Asia

siren eun young jung
Lyrics 1,2,3

Lyrics 1,2,3 is part of the Yeosung Gukgeuk series. The work closely follows first and second generations of Yeosung Gukgeuk actresses, who later became an important source of inspiration for the artist.  Formally, this genre of theatre draws from Westernized aspects of traditional Korean music performance as well as from adaptations of pansori, a Korean genre of musical storytelling, to create what could be called a staged version of traditional Korean opera. Yeosung gukgeuk was widely popular in the 1950s before and after the Korean War. Yet, though yeosung gukgeuk met considerable success, it gradually lost momentum after the 1960s.

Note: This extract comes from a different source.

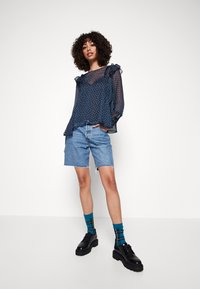 Top azul marino transparente con acentos de volantes y estampado, combinado con pantalones cortos de mezclilla claros y zapatos de plataforma negros. Calcetines estampados en azul y amarillo.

Today yeosung gukgeuk is almost extinct alive because it’s not being taught or invested in. Siren eun young jung’s  video work, Lyrics 1,2,3 analyzes and reassembles images of the interiors and exteriors of the stages that were once occupied by first and second generation female Gukgeuk actresses So-ja Lee, Young-suk Cho, and Deung-woo Lee. Widely known as gadaggi, a villainous supporting role, sammai, a skilled person’s supporting role, and nimai, a leading role, these outstanding actresses playing male characters are seen getting ready offstage for their onstage performance. The work highlights their affection for the stage by focusing on their daily activities offstage, wandering through landscapes, discovering object, remembering past moments, acting, and singing.

With a practice deeply engaged with feminism and LGBT rights issues, siren eun young jung reveals the subversive power of traditional culture, one unknown in Korean modernization period, and provides unique perspectives and documentation of important communities. Through her long-term research projects bridging different generations of women, she keenly addresses questions of gender as a norm of “becoming.” Her early works have examined the struggles of a younger generation of women against androcentrism and violent patriarchy. Her subsequent projects have addressed issues surrounding environment change, human rights, activism, and homosexual rights. Her pivotal work Yeosung Gukguek Project (2008–) engages the existing queer community in South Korea by focusing on Yeosung Gukguek, an all female traditional theatre genre existing since the 1950s, after the Korean War. The ongoing project tells an empowering story of gender-becoming in the mid 20th century. Unveiling traditional yet subversive narratives that existed during the transitional period of a country moving towards a modern society and challenging the myth of Korean “andro-modernization” achieved by a rapid masculinism of national development.